In each of the above embodiments, a case has been described in which a constant voltage power source controlled by an inverter is used as the welding power source, but a pulse source that feeds the welding wire at a constant speed using a power source with constant current characteristics that changes the output current waveform in a pulsed manner has been described. Even with arc welding equipment and the like, there are cases where the short circuit current value cannot be sufficiently large, so improvement in arc startability can be expected by implementing the present invention.

[Effects of the Invention] According to the present invention, even if the short-circuit current value of the welding power source cannot be set sufficiently high, it is possible to prevent the welding wire from plunging into the base metal at the time of starting welding, so that the welding wire can be prevented from penetrating the base metal, so that the welding wire can be prevented from thrusting into the base metal, so that the welding wire can be prevented from penetrating the base metal, so that the welding wire can be prevented from penetrating the base metal.

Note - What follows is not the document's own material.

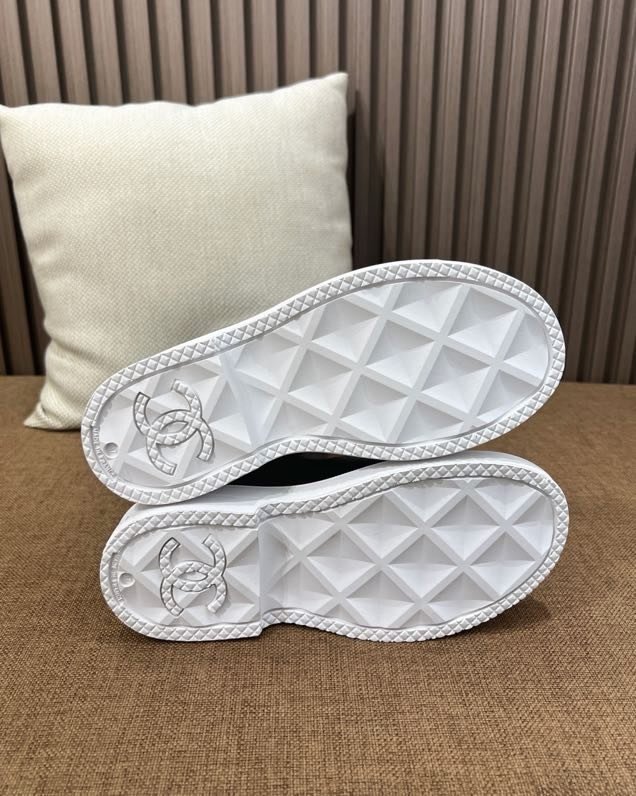 Чоботи Chanel 26C гумові жіночі фото 6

The arc can be started quickly, and if a large amount of the wire is not scattered during fusing or arcing does not occur, the long end of the wire will not be welded to the starting part, and the bead appearance can be improved.

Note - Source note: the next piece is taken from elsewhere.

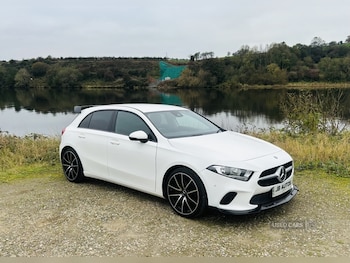 Mercedes-Benz - A-Class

[Brief explanation of drawings]

Figure 1 is a block diagram of a welding power source controlled by an inverter.
Figure 2 is its external characteristic diagram, Figure 3 is a diagram showing how the welding wire melts when using conventional arc start control,
FIG. 4 is a circuit diagram showing one embodiment of the invention, FIG. 5 is a timing chart for explaining its operation, and FIG. 6 is a circuit diagram showing another embodiment of the invention. 11... Welding power source 13... Welding wire 14...
Arc load 16...Wire feed motor 18・Motor governor @19...Steady feed command means ZO132...Low speed feed command means 21-26...Arc occurrence detection means 27.28.33. 34...Wire feed speed switching means Patent attorney Junnosuke Nakamura

Claims (1)

[Claims] In an arc welding device having a wire feed motor and a motor speed governor for feeding welding wire at a constant speed, the steady feed command means for commanding the motor speed governor to feed the wire at a steady speed, A low-speed feed command means for commanding wire feeding at a speed lower than the steady speed, an arc occurrence detection means for detecting the occurrence of a welding arc from the output voltage and current of the welding power source, and an output signal of the above-mentioned arc occurrence detection means At the start of welding, the motor speed governor is commanded to feed the wire at a slower speed than the steady speed until the occurrence of an arc is detected, and from the time the arc is detected, the motor speed governor is instructed to feed the wire at a steady speed. An arc welding device characterized by comprising wire feed speed switching means for selectively operating the steady feed command means and the low speed feed command means so as to command wire feeding.